__Task goal__:
Look below for the line with "ARRESTED: Matthew Staley" and the line with "Affiche de Ensemble vocal Cassius Palmyre". Copy exactly those two lines and every line between, but not the pictures.

__Extracted material__:
○ ○ ○ ○ ○
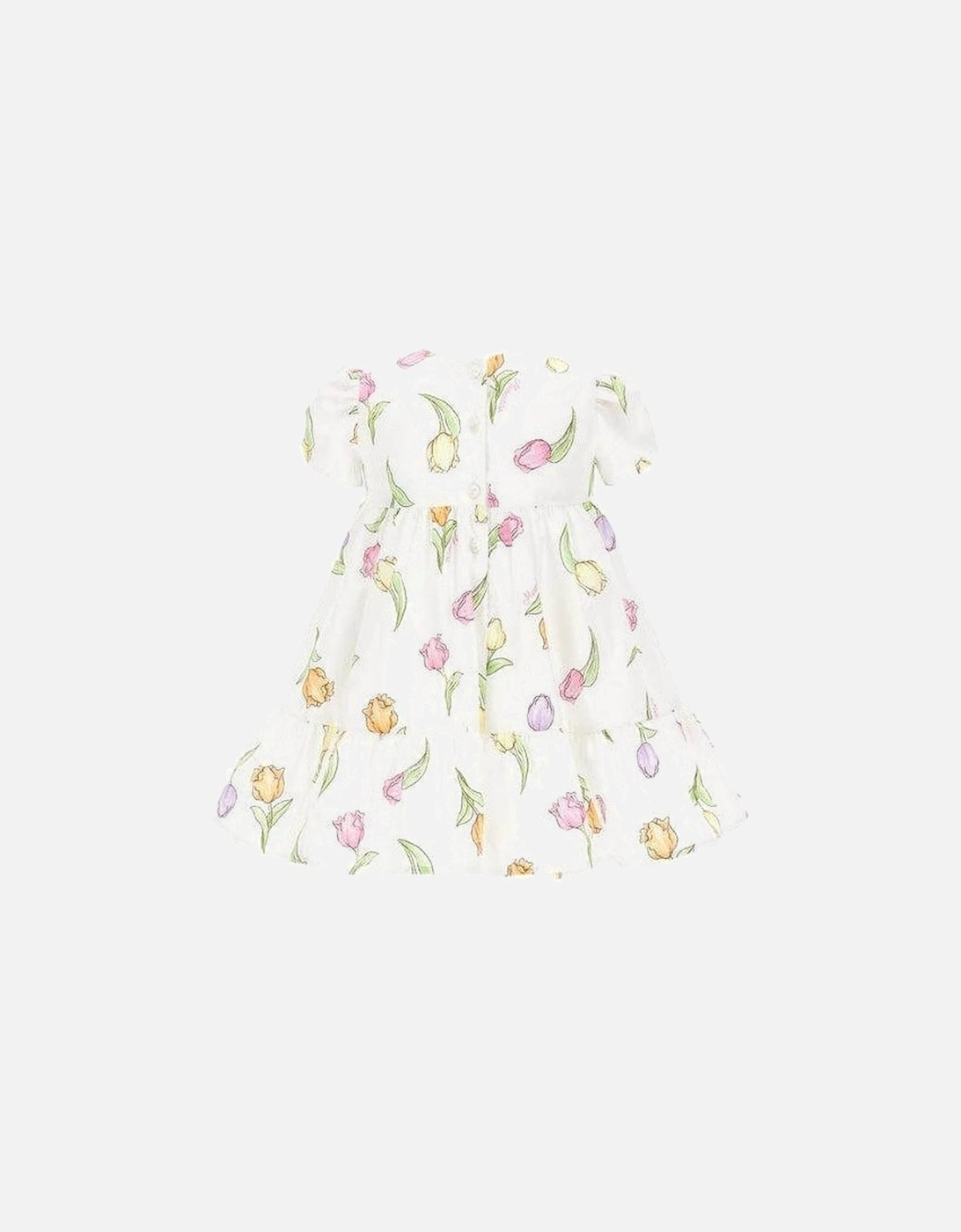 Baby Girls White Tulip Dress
○ ○ ○ ○ ○
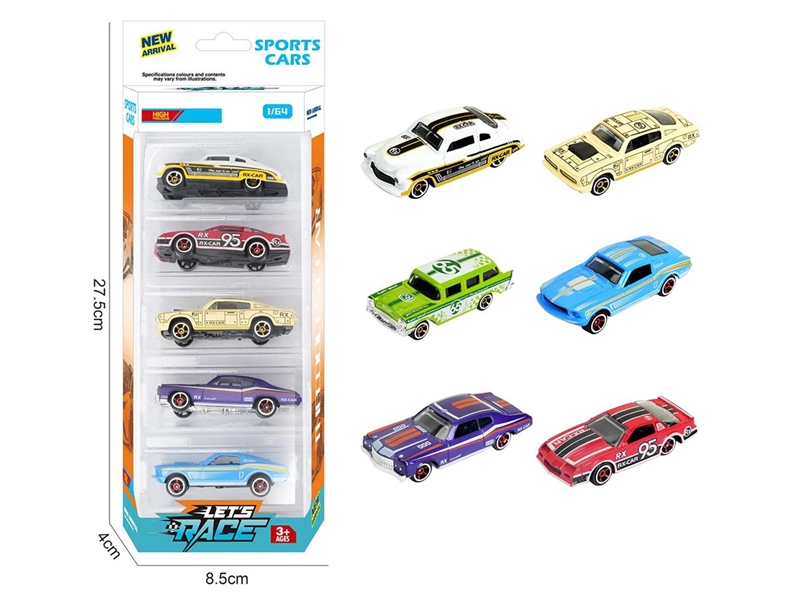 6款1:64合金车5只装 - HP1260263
○ ○ ○ ○ ○
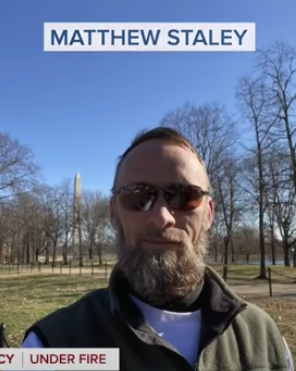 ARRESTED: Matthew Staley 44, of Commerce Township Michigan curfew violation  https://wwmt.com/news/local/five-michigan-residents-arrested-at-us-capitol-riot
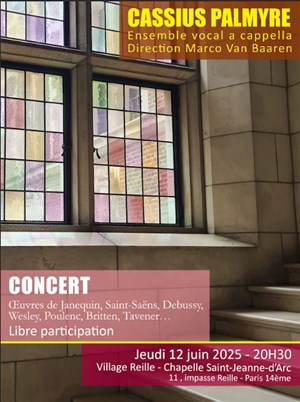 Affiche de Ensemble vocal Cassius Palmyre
○ ○ ○ ○ ○
__Problem solution__:
 ARRESTED: Matthew Staley 44, of Commerce Township Michigan curfew violation  https://wwmt.com/news/local/five-michigan-residents-arrested-at-us-capitol-riot
 Affiche de Ensemble vocal Cassius Palmyre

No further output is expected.